Data for this task:

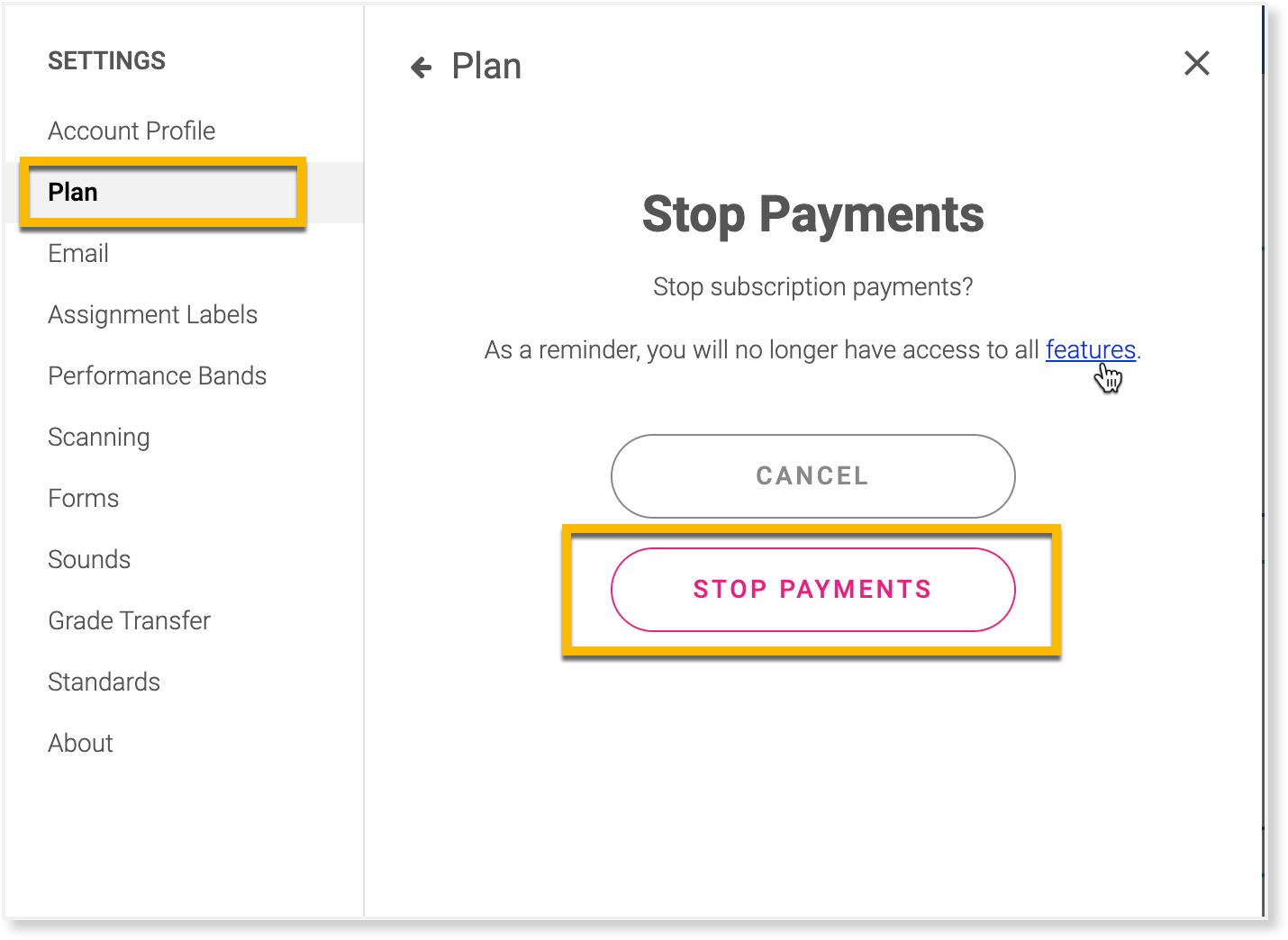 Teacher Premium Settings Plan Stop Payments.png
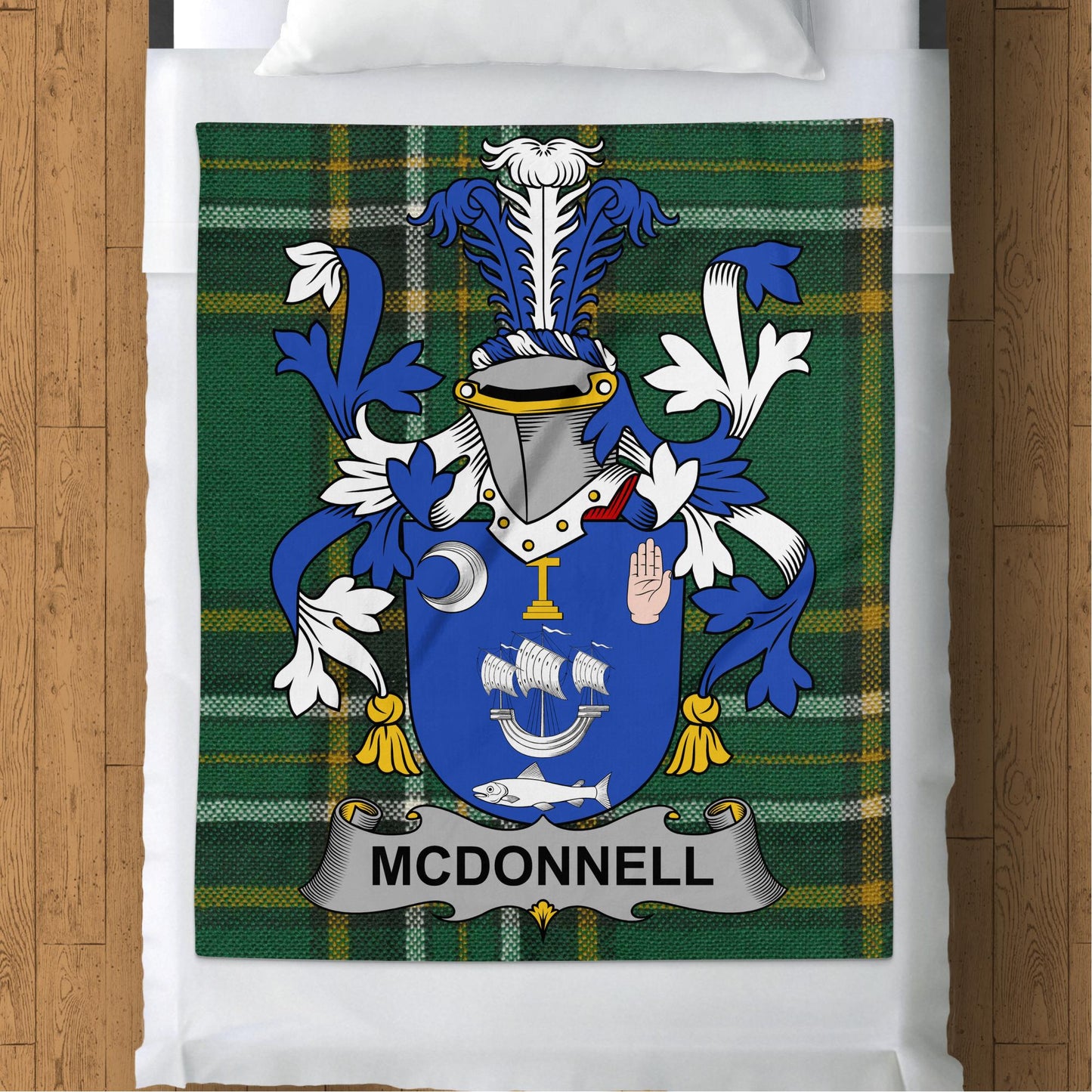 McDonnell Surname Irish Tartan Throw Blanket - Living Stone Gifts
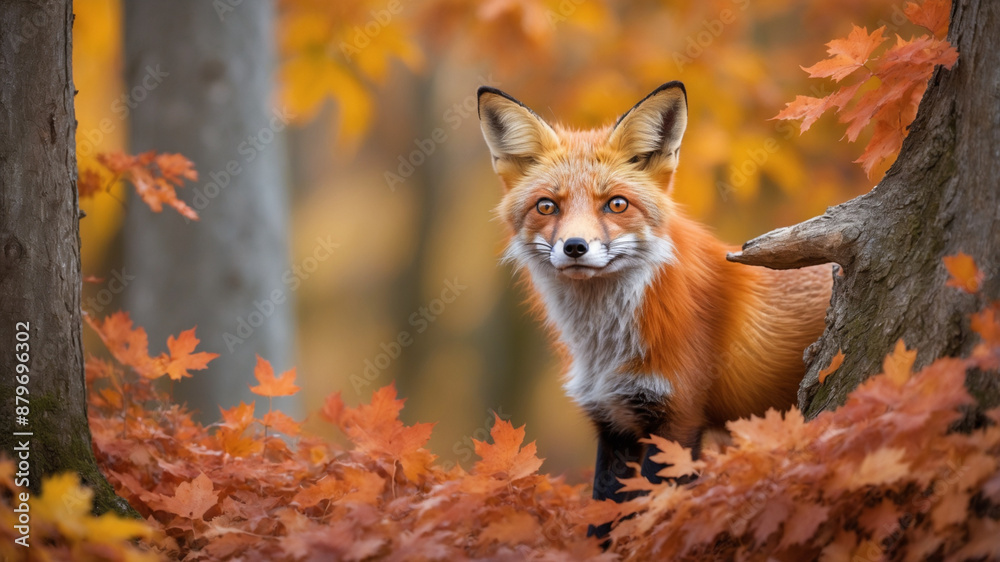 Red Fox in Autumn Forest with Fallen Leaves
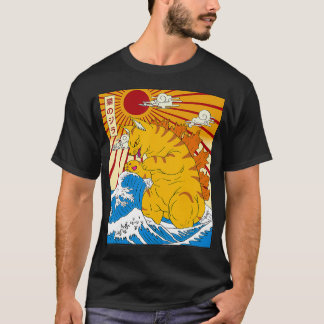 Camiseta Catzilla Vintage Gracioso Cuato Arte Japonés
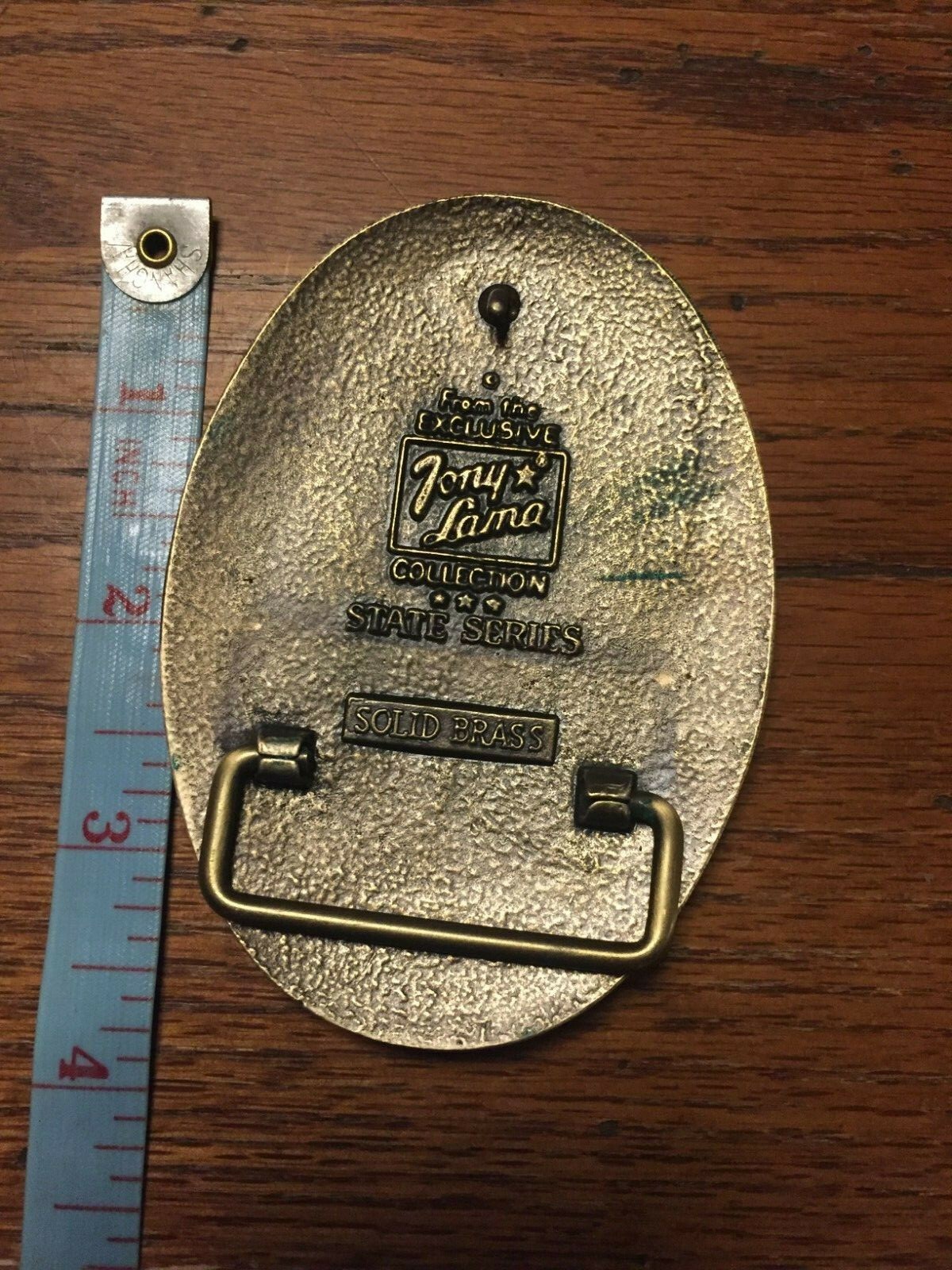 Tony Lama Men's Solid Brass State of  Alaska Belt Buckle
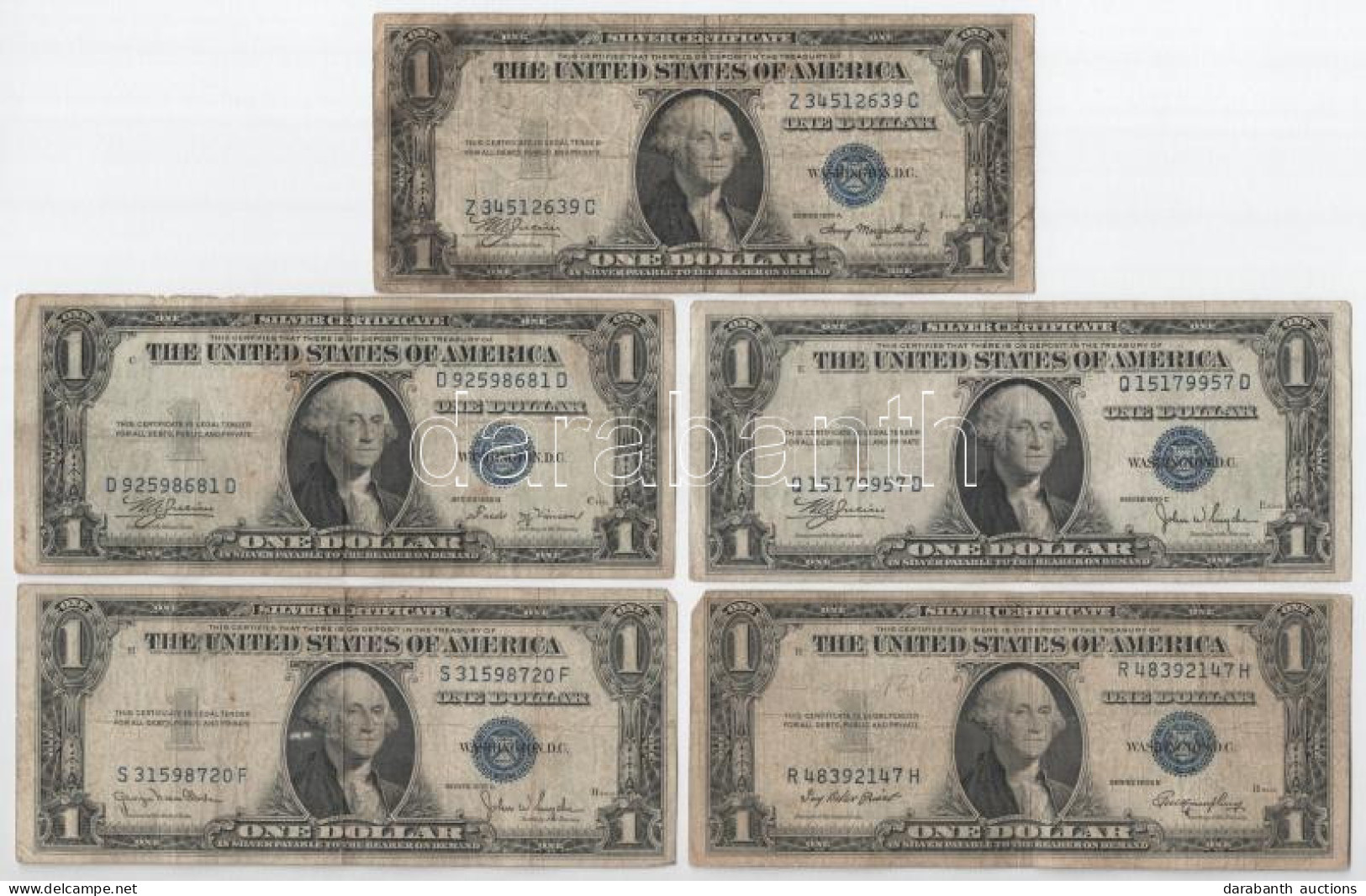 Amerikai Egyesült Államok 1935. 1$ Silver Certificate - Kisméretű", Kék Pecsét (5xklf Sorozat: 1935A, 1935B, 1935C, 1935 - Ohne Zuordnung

Task brief: Exact copies of all the entries, without any pictures, are what the answer must contain.

Output of the exercise:
 Teacher Premium Settings Plan Stop Payments.png
 McDonnell Surname Irish Tartan Throw Blanket - Living Stone Gifts
 Red Fox in Autumn Forest with Fallen Leaves
 Camiseta Catzilla Vintage Gracioso Cuato Arte Japonés
 Tony Lama Men's Solid Brass State of  Alaska Belt Buckle
 Amerikai Egyesült Államok 1935. 1$ Silver Certificate - Kisméretű", Kék Pecsét (5xklf Sorozat: 1935A, 1935B, 1935C, 1935 - Ohne Zuordnung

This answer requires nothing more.